== Problem description ==
Print the records below exactly, and do not carry over any picture.

----------------

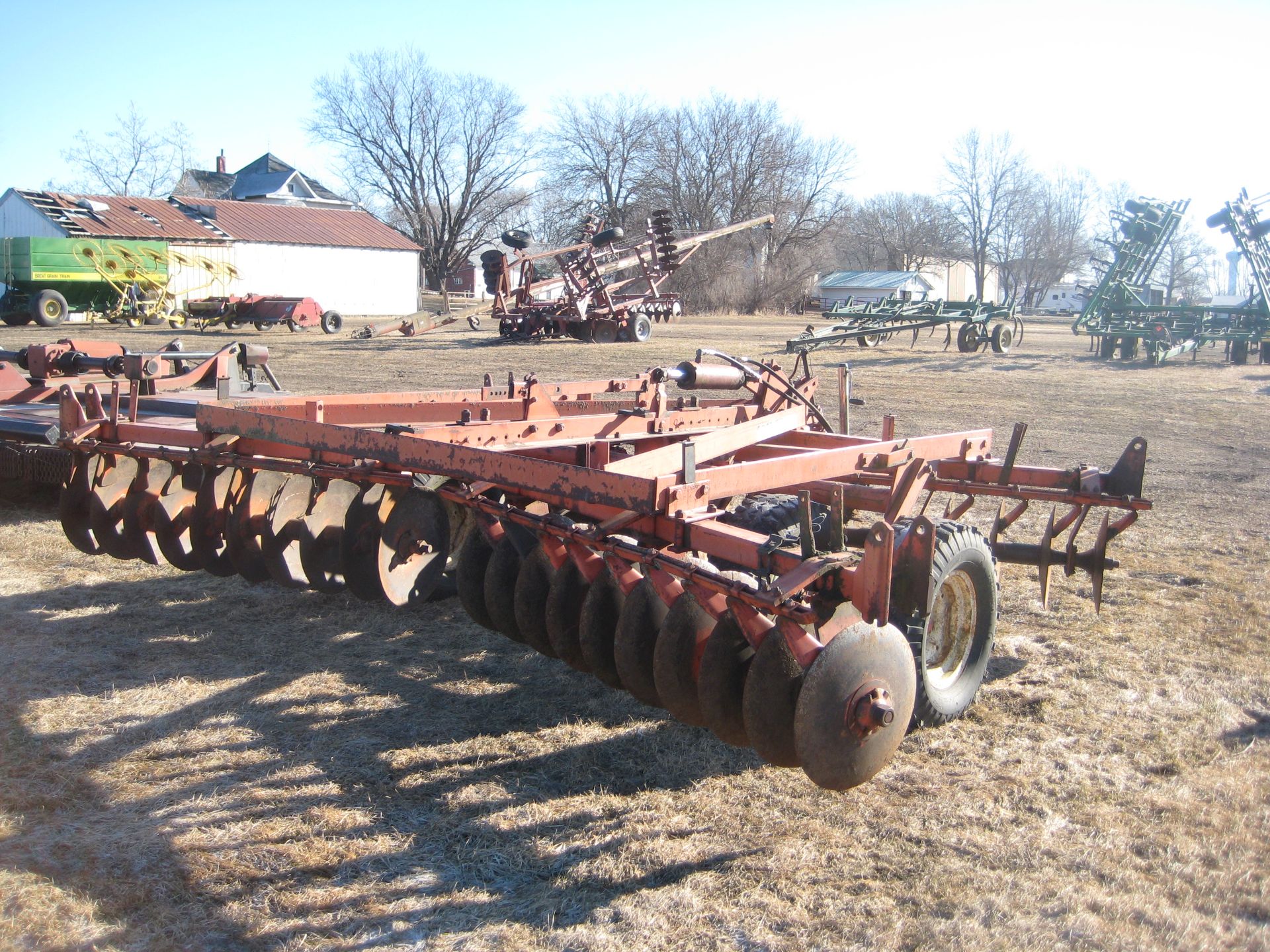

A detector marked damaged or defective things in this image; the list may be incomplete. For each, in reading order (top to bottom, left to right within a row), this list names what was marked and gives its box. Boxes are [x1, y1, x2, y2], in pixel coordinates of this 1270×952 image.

rusty metal roof [15, 189, 231, 242]
rusty metal roof [171, 198, 421, 251]
rusty disc blade [60, 457, 100, 558]
rusty disc blade [89, 454, 141, 558]
rusty disc blade [121, 457, 173, 563]
rusty disc blade [153, 464, 200, 571]
rusty disc blade [190, 467, 238, 578]
rusty disc blade [226, 472, 283, 586]
rusty disc blade [261, 472, 314, 586]
rusty disc blade [297, 479, 358, 594]
rusty disc blade [340, 485, 388, 604]
rusty disc blade [376, 487, 452, 606]
rusty disc blade [457, 525, 495, 629]
rusty disc blade [485, 540, 525, 645]
rusty disc blade [513, 548, 558, 660]
rusty disc blade [540, 563, 589, 675]
rusty disc blade [581, 571, 624, 690]
rusty disc blade [612, 581, 670, 711]
rusty disc blade [655, 596, 716, 731]
rusty disc blade [696, 614, 751, 751]
rusty disc blade [741, 629, 808, 772]
rusty disc blade [792, 621, 914, 792]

----------------

== Solution to this exercise ==
A detector marked damaged or defective things in this image; the list may be incomplete. For each, in reading order (top to bottom, left to right within a row), this list names what was marked and gives its box. Boxes are [x1, y1, x2, y2], in pixel coordinates of this 1270×952 image.

rusty metal roof [15, 189, 231, 242]
rusty metal roof [171, 198, 421, 251]
rusty disc blade [60, 457, 100, 558]
rusty disc blade [89, 454, 141, 558]
rusty disc blade [121, 457, 173, 563]
rusty disc blade [153, 464, 200, 571]
rusty disc blade [190, 467, 238, 578]
rusty disc blade [226, 472, 283, 586]
rusty disc blade [261, 472, 314, 586]
rusty disc blade [297, 479, 358, 594]
rusty disc blade [340, 485, 388, 604]
rusty disc blade [376, 487, 452, 606]
rusty disc blade [457, 525, 495, 629]
rusty disc blade [485, 540, 525, 645]
rusty disc blade [513, 548, 558, 660]
rusty disc blade [540, 563, 589, 675]
rusty disc blade [581, 571, 624, 690]
rusty disc blade [612, 581, 670, 711]
rusty disc blade [655, 596, 716, 731]
rusty disc blade [696, 614, 751, 751]
rusty disc blade [741, 629, 808, 772]
rusty disc blade [792, 621, 914, 792]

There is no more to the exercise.